If in the matter of finance the Chinese Government would unquestionably do well to act on the advice of the best foreign expert it can get, it is by no means so certain that it would be wise to follow foreign counsel, with tacit obedience, in all matters affecting social, administrative, or even judicial reform. That changes are urgently needed in certain directions goes without saying; but in view of the impossibility of carrying out extensive legal reforms in China without simultaneously affecting the social organism, perhaps in serious and unexpected ways, it will be well for the stability of the State if amid the contending factions into which the intelligent sections of the country are sure to be divided there may always be one party in the land whose programme will be summed up in the words "Back to Confucius!" That such a call will ever be literally obeyed is quite improbable and certainly undesirable; but it is earnestly to be hoped that however drastic may be the social and political changes that China is destined to undergo her people may never come to regard Confucianism, with all that the term implies, merely as a fossil in the stratum of a dead civilisation.

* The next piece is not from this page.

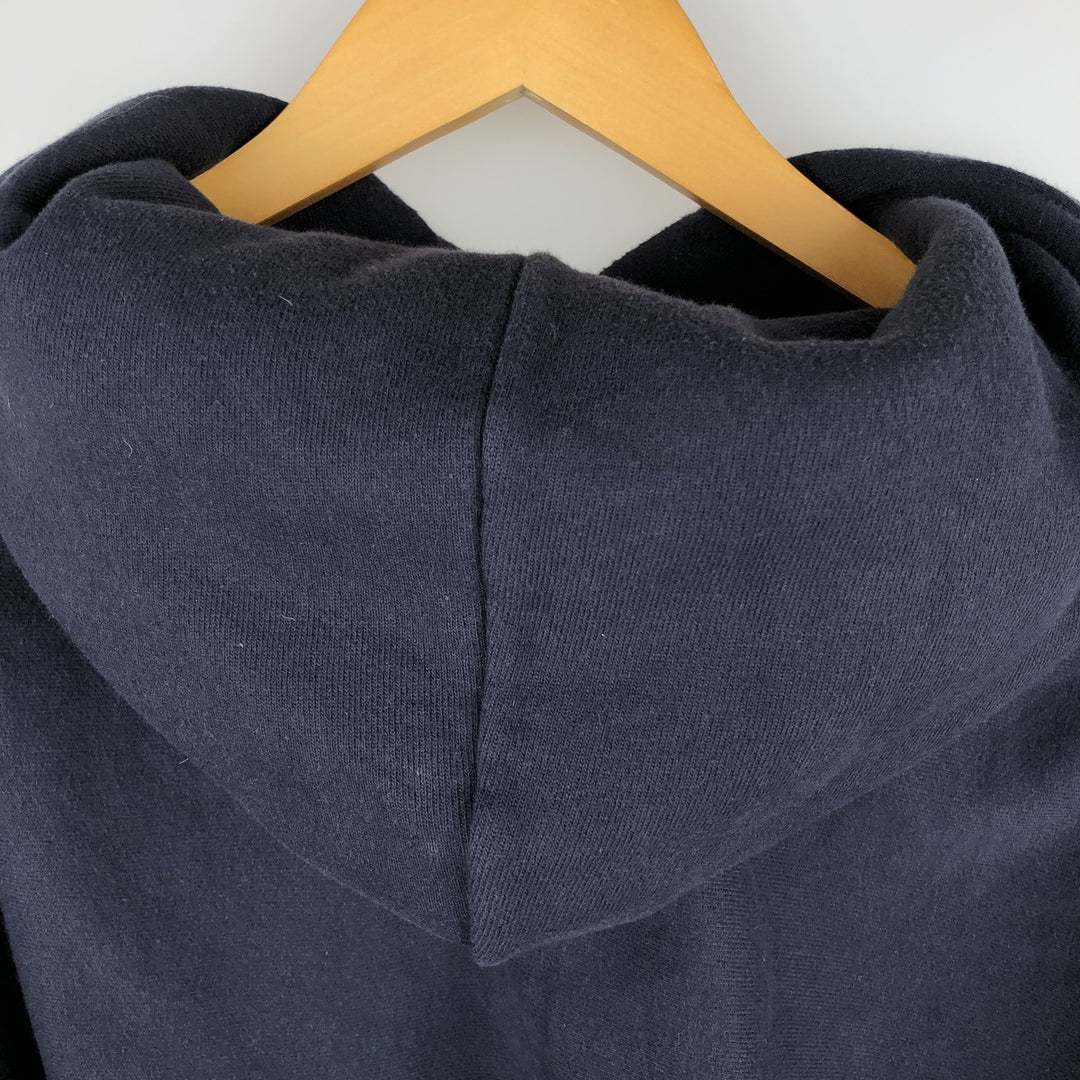 Champion REVERSE WEAVE Reverse Weave College Sweat Pullover Hoodie Men's M unclear black type Vintage Second Hand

In the course of the foregoing chapters an attempt has been made to show that there is much fundamental soundness in many of China's social institutions, much that it is to the interest of China herself and of the whole world to respect and conserve. It is difficult to say whether China stands at present in greater danger from her own over-enthusiastic revolutionary reformers or from her well-meaning but somewhat ignorant foreign friends who are pressing her to accept Western civilisation with all its political and social machinery and its entire religious and ethical equipment. If ever a State required skilful guidance and wise statesmanship, China needs them now: but wise statesmanship will not consist in tearing up all the old moral and religious sanctions that have been rooted in the hearts of the Chinese people through all the ages of their wonderful history.